If part C were truly asking what happens in the absence of mass transfer effects, the answer would be "nothing" because the change described in part C only affects mass transfer, not reaction rates.
I wrote my previous answer during a phone interview, so I thought maybe I took my analogy the wrong direction and was off track. I went back and worked out the problem for steady-state diffusion through a boundary layer of thickness t with a first-order reaction occurring at the wall. I'm pretty sure I was actually correct before, though I agree the results might seem a bit counter-intuitive (I think this is because of the semi-log axes used with an inverse x-axis, which makes interpretation a bit tricky).

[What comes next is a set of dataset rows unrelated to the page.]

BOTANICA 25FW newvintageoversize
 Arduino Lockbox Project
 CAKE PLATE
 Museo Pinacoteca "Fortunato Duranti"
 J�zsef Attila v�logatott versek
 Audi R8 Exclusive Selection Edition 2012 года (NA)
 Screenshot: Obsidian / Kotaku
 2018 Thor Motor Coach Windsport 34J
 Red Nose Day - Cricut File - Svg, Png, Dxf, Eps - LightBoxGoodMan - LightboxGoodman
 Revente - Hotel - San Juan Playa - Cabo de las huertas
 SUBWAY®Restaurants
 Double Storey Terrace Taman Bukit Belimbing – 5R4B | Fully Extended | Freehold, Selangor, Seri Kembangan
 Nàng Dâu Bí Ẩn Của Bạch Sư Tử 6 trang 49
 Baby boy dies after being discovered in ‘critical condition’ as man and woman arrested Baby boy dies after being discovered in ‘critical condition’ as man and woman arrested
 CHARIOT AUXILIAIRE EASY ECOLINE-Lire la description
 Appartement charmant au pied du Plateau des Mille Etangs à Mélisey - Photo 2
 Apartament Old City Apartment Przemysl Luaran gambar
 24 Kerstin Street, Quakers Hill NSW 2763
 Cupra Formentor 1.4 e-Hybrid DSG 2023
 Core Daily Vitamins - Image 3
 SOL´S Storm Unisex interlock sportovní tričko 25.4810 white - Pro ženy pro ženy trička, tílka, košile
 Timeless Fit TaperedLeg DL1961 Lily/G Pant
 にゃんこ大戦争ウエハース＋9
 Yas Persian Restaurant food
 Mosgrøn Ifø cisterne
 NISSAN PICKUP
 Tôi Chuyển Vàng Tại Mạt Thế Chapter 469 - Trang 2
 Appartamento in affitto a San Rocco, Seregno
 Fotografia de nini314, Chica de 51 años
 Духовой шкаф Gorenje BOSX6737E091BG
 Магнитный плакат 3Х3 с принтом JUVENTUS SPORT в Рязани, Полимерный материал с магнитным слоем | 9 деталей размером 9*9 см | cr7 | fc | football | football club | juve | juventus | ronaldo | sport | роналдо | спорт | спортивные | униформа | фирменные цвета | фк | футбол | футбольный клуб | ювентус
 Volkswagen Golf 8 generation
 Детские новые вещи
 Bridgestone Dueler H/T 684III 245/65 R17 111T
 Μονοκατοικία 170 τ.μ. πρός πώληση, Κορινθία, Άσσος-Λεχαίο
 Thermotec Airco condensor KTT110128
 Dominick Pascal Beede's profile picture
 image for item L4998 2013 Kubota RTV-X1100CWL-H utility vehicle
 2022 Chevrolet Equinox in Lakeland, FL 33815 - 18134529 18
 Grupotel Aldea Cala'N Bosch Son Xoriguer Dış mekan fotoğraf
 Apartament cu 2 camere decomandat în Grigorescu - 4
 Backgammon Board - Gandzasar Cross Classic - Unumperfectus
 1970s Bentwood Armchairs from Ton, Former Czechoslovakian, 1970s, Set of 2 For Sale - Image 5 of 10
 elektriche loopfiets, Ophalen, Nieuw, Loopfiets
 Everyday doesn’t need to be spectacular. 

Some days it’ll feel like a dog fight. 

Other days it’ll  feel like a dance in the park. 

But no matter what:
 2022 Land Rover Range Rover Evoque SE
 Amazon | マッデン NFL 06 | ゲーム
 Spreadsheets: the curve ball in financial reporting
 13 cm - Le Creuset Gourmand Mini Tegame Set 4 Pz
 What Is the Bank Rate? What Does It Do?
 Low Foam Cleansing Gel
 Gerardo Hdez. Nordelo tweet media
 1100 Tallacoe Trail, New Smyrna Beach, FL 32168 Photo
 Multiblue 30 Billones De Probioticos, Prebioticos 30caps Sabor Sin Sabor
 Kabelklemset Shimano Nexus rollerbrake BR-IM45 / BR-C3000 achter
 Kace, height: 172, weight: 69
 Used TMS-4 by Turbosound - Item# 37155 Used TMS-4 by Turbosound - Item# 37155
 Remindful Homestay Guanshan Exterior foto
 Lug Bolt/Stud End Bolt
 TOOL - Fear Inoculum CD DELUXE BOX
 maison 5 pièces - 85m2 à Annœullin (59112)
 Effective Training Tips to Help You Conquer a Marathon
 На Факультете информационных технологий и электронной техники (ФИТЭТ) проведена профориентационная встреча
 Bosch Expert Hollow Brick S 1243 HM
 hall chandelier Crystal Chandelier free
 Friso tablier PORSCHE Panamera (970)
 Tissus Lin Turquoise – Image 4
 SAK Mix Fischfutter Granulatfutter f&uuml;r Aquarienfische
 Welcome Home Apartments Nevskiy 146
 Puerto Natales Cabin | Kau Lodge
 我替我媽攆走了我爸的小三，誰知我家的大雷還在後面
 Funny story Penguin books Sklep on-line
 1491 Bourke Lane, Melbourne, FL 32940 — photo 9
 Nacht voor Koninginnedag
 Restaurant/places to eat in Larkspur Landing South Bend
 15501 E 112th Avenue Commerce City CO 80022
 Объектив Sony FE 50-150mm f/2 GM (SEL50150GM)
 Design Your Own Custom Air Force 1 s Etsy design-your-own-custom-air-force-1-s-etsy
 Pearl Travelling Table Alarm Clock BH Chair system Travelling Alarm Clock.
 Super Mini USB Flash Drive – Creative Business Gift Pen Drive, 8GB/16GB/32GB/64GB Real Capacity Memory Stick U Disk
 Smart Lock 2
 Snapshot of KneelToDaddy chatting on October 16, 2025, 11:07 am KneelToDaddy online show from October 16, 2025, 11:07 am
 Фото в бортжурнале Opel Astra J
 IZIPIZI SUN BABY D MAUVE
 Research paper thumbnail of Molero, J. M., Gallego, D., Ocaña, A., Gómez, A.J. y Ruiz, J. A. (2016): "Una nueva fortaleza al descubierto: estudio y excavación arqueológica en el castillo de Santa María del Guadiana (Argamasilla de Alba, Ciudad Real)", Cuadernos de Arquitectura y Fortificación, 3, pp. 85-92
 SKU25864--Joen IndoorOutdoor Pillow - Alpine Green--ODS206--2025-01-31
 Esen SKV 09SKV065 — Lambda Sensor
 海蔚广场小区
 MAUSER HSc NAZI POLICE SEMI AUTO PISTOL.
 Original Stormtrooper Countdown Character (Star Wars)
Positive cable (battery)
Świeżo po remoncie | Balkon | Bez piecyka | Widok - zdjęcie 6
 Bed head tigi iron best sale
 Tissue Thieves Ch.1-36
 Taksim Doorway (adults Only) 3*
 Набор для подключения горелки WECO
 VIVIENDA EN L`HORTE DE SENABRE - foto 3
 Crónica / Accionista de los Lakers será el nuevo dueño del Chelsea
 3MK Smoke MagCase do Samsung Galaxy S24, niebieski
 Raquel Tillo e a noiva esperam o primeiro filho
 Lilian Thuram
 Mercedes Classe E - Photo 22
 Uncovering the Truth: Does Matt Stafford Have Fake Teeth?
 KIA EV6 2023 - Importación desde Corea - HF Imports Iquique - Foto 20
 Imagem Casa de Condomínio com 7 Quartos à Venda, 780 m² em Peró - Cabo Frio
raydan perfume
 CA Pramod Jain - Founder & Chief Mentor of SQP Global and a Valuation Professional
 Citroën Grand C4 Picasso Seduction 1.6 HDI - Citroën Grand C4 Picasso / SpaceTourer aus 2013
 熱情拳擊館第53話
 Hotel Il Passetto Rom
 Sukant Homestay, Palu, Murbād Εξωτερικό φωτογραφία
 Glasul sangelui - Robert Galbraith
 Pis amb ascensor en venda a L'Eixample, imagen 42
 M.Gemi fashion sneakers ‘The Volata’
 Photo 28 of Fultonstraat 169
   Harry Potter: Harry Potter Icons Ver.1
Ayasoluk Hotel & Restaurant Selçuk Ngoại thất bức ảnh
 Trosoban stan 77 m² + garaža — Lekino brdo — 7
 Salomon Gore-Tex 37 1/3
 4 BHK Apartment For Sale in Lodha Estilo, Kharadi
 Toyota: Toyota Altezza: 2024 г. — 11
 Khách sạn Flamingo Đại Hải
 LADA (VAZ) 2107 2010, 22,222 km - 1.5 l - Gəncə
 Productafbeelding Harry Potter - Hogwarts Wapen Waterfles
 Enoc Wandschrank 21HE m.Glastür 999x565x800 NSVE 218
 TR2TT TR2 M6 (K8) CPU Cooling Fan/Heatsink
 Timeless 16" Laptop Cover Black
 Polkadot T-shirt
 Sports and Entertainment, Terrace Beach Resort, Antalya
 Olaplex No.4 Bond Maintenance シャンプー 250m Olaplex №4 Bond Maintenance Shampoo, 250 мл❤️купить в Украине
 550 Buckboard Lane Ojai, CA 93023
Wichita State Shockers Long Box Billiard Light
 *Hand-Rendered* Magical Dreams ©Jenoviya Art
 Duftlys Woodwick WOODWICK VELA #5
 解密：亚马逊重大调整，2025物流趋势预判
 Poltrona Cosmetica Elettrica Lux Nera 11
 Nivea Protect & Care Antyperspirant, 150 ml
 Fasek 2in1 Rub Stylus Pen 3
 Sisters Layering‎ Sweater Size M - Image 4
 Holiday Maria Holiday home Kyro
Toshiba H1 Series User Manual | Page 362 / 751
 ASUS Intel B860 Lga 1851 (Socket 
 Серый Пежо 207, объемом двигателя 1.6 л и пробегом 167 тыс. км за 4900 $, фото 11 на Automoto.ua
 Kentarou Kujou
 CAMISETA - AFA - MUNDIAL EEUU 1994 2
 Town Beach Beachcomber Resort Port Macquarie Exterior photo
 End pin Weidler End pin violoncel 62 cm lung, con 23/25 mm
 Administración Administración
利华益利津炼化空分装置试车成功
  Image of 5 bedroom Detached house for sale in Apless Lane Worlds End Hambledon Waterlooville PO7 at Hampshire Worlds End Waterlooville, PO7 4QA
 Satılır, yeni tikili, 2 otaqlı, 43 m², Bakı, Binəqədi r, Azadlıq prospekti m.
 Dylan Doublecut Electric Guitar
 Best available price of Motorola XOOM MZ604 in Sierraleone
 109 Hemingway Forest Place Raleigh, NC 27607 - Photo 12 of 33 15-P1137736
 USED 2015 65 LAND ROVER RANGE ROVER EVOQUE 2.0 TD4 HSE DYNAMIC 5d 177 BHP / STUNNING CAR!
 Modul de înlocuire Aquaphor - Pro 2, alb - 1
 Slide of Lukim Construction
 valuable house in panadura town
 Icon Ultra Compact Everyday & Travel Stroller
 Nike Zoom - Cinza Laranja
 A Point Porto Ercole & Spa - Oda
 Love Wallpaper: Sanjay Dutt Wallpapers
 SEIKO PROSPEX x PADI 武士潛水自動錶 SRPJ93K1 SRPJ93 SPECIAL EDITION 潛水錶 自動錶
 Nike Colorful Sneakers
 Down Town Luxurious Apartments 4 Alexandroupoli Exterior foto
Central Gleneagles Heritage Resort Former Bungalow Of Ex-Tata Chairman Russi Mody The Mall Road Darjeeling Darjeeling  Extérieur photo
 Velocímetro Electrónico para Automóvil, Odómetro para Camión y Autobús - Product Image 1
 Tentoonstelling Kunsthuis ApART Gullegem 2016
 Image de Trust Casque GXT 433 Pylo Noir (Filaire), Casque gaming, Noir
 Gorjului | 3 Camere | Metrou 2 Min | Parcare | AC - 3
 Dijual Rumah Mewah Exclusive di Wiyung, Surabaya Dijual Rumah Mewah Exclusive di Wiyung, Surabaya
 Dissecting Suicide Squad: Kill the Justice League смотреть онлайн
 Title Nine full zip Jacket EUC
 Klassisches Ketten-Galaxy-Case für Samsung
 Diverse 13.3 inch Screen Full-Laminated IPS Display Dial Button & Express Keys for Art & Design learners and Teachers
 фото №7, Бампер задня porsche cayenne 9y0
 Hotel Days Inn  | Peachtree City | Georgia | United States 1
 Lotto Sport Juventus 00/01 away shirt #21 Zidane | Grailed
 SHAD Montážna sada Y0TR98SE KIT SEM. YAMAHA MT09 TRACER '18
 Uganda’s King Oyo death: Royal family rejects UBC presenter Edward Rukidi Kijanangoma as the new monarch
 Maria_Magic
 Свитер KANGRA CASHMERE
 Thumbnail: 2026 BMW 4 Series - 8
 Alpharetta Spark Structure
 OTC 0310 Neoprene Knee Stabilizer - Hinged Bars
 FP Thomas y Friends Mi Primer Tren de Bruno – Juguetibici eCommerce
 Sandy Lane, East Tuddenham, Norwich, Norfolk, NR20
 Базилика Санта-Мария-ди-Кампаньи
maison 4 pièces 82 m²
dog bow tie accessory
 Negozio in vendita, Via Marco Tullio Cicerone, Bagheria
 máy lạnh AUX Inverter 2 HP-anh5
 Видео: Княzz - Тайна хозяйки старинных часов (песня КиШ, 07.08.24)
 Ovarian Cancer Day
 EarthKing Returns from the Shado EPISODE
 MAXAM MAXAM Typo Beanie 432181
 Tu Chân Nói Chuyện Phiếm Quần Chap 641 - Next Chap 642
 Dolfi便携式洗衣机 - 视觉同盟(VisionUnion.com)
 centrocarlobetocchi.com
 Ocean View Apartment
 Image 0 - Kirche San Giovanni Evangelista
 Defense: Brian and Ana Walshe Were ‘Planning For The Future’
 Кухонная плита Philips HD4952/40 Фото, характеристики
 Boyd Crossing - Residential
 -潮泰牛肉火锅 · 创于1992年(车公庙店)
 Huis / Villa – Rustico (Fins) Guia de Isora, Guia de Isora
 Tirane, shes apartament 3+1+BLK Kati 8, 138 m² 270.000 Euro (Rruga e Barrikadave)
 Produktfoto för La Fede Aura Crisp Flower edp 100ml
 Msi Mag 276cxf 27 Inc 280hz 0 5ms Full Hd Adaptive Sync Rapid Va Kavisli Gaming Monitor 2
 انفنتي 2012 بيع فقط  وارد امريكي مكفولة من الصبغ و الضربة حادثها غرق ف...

The concentration profile is simply
C=(C_bulk-C_0)*(x/t)+C_0,
where C_0 is the concentration at the wall. The deposition rate is just
r=k*C_0
since I assumed a first-order reaction. Since, at steady state, the flux through the boundary layer must be equal to the rate of reaction (conservation of mass), the concentration at the wall is given by
C_0=C_bulk/(1+k*t/D).
I'm using k for the rate constant and D for the diffusivity. Since both k and D are activated processes, their temperature dependence may be modeled using an Arrhenius relationship:
k=k_0 exp(-k_a/(R*T))
and
D=D_0 exp(-D_a/(R*T))
From the data given in part C of the problem, k_0=0.85 (not worrying about units at this point), and you can choose the other parameters (D_0, k_a, and D_a) to get a figure that looks similar to the one in the problem statement. Then, if you assume no mass transfer resistance (i.e. C_0=C_bulk for all T), you will see that the upper plateau is actually the rate in absence of mass transfer effects.
edit: I think most people would tend to assume that the temperature influences the reaction rate much more heavily than the diffusivity, but this is usually not the case since the diffusivity also rises rapidly with temperature. You will achieve the same result if you model the diffusivity as a power law of temperature as suggested approximately by the kinetic theory of gases. But you also get this same qualitative result if you assume that the diffusivity is completely independent of temperature. Like I said, I think the problem is interpreting the figure due to the complex axes.
edit #2: I think another misconception people have about reaction rates is that they increase unbounded. However, from the Arrhenius form given above, it should be clear that as T goes to infinity, k goes to k_0, not infinity (since exp(anything/infinity)=exp(0)=1).